Why This Matters: By working from the inside, they can make a meaningful contribution to the industry.
This article is sponsored by Bright-r.
The field of environmental science and the oil and gas industry might seem like two very different worlds with competing interests.
And yet in recent years, we have seen many of the world’s largest oil and gas companies invest heavily in improving environmental practices, investigating renewables technology, and in reducing their emissions footprint.
This shift means there are many avenues for scientists to work alongside, and even work within the oil and gas industry, working to solve the problems from the inside.
The issues around the oil and gas industry can impact on various communities, from local residents, to Indigenous landowners, to the scientific community themselves.
Scientists have the unique ability to determine the viability of a project, as well as developing new technologies and implementing efficiencies into projects. This could have potentially big impacts, from reducing carbon footprints to ensuring the protection of native wildlife, to reducing the potential of oil spills, to determine the next mining or drilling site, and more.
Environmentalist Kris Waddington, the Chief Operating Officer at Buru Energy, oversees some of the environmental science research projects, including native Australian animals.
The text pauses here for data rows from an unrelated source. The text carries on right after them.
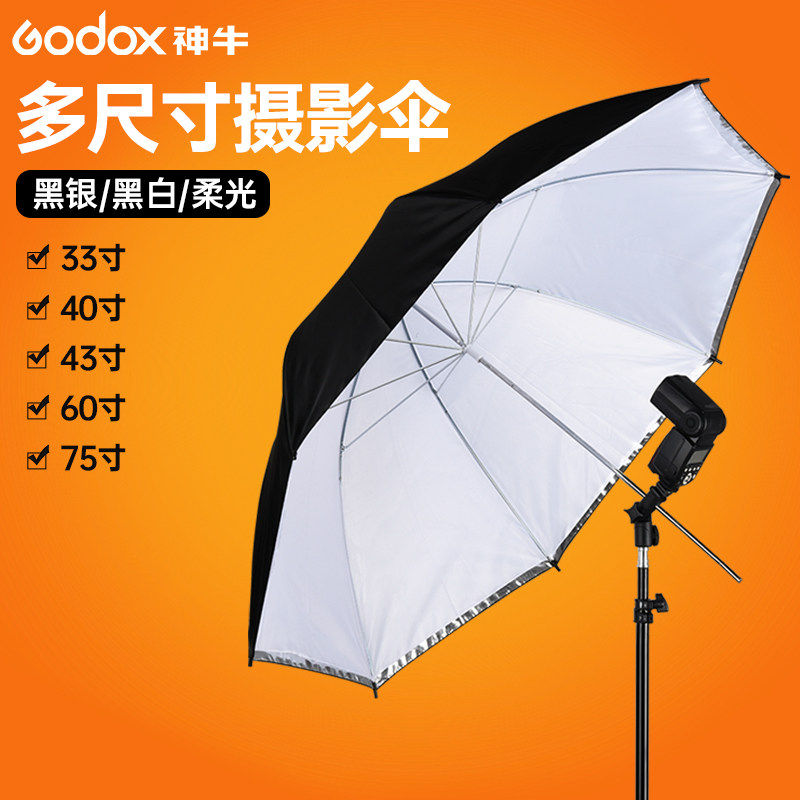 Shen Niu 43 inch reflective umbrella Reflective studio umbrella Flash reflective umbrella Studio soft light equipment Photographic equipment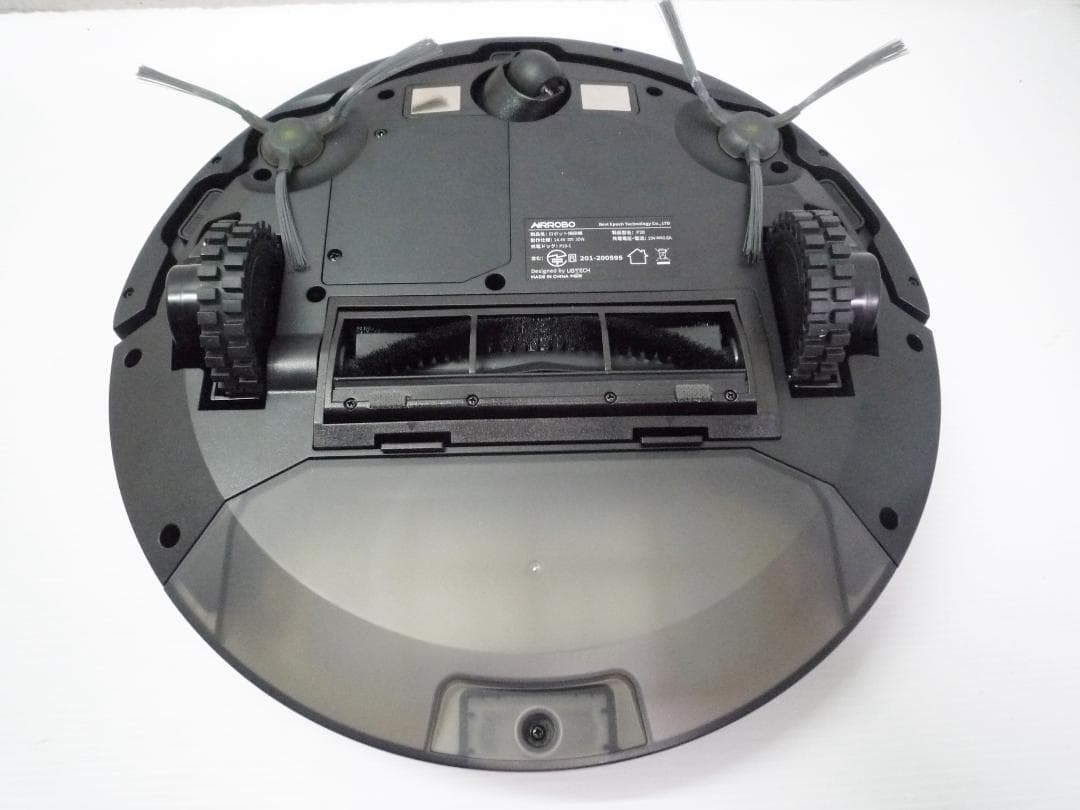 AiRROBO br UBTECH ロボット掃除機 P20
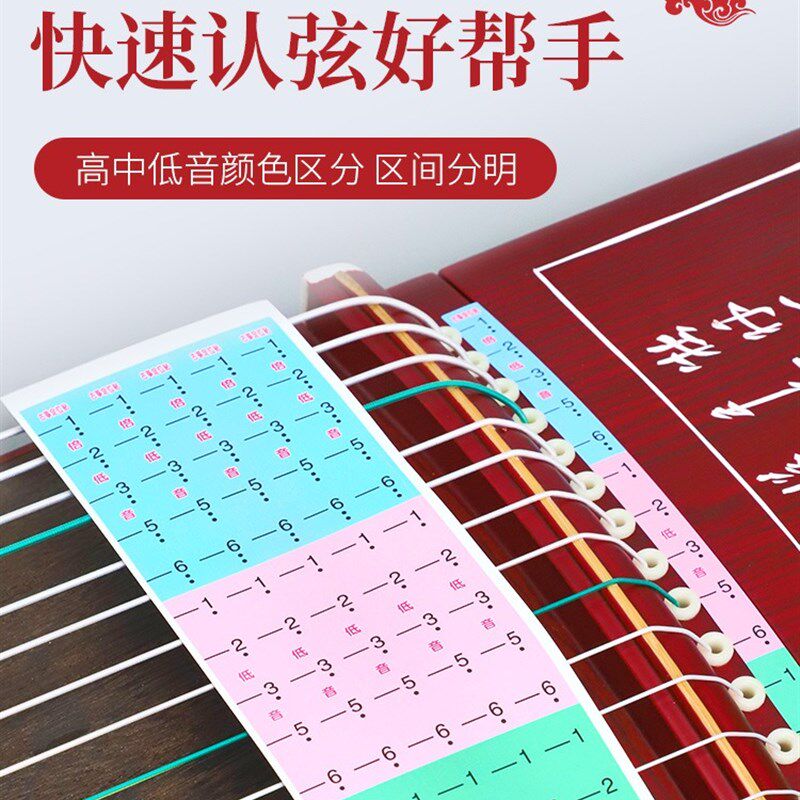 速发古筝音位贴音阶贴音符音标贴标识贴纸标记琴弦音区标21弦标志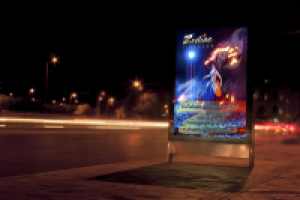 Постер клуба файер-шоу "Zodiac"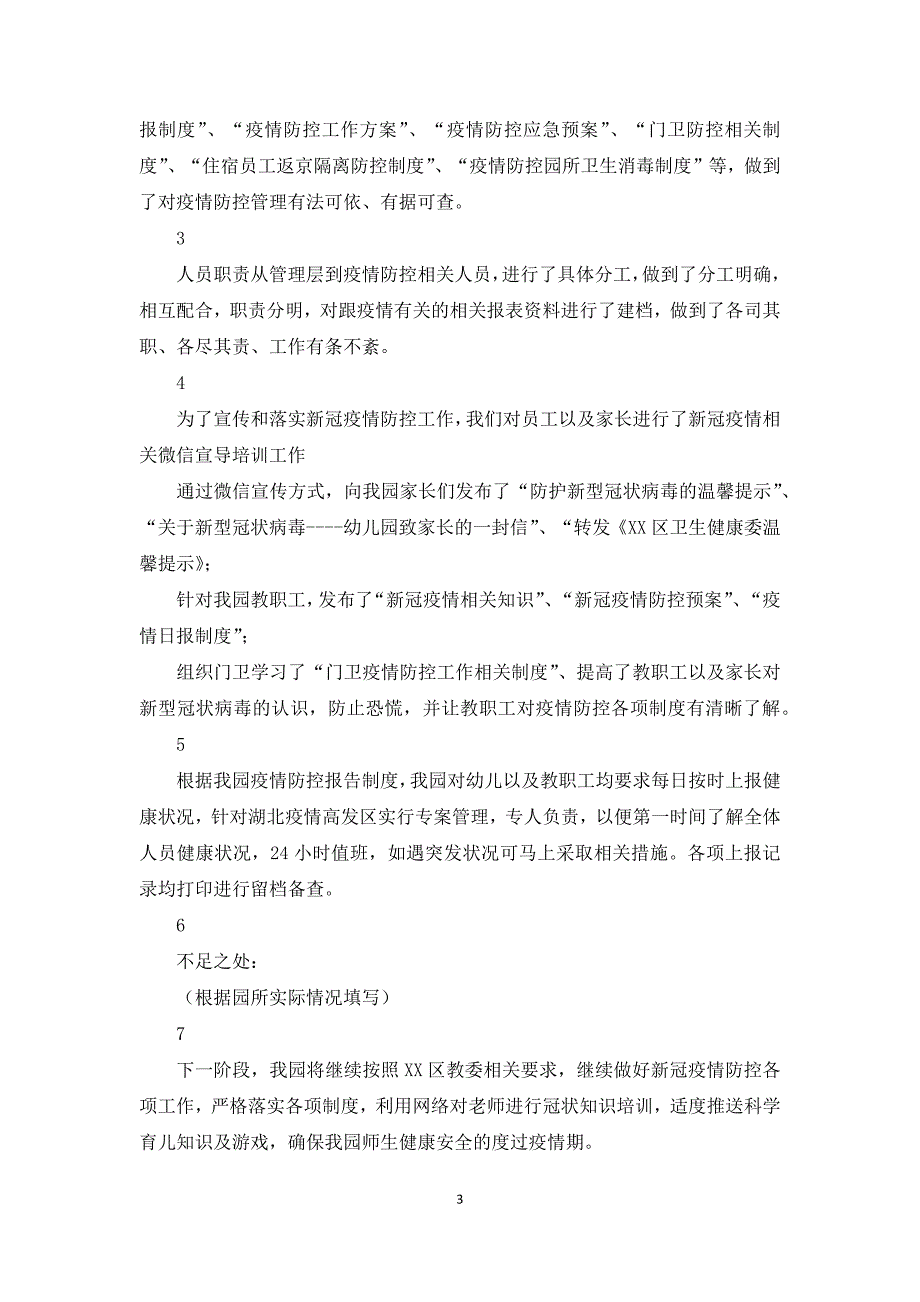 幼儿园疫情防控工作自查报告3篇_第3页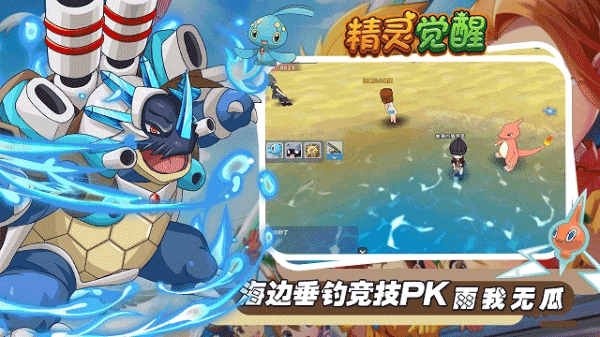 精灵觉醒手游官方版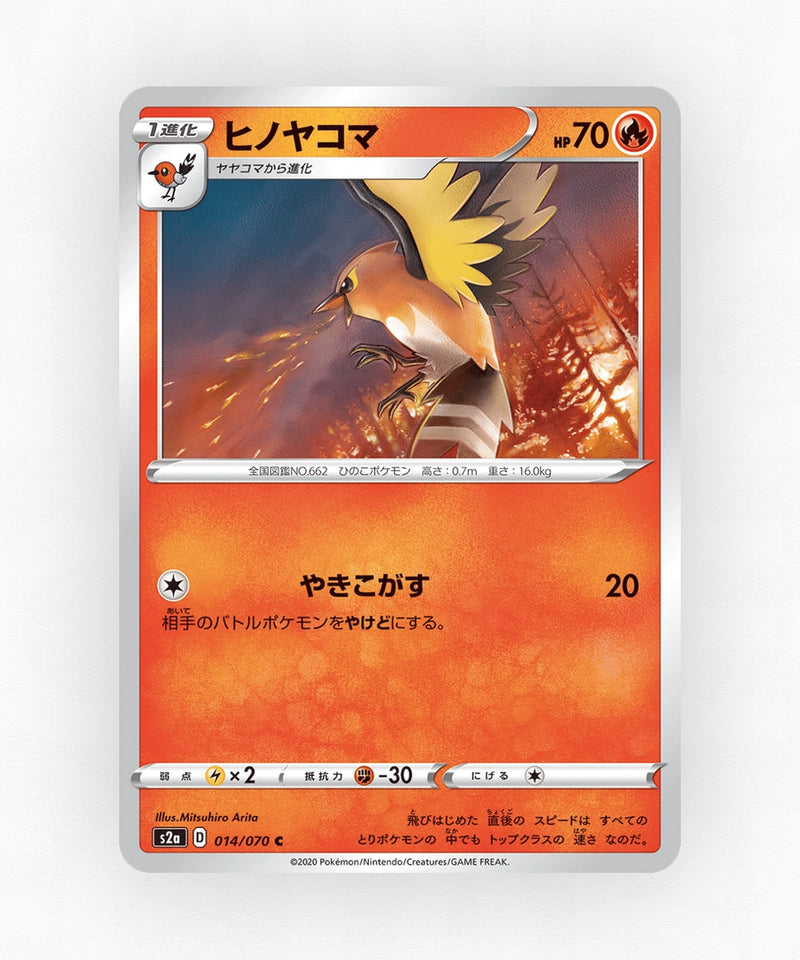 pk-swsh2a_ja-14-non-holo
“The oil and gas industry often operates in ‘frontier’ areas where less is known about the local environment. As such, they are often at the forefront of data collection and scientific investigations in these areas,” says Kris.
In one example, environmentalists were able to carry out a large project studying bilbies across the West Kimberley region of Western Australia. This project was also able to maximise Aboriginal employment and participation in oil and gas projects in the region over the last five years. This knowledge helped to balance environmental, social, cultural and technical outcomes.
As an environmentalist, Kris believes being involved in this process is important.
“Whether we like it or not, land use decisions are made based on a number of factors of which the environment is but one.
“Being engaged in the decision-making process early on is hugely important for getting good environmental outcomes.”
“Environmental factors will continue to determine the outcomes of the resources industry in the future,” says Kris.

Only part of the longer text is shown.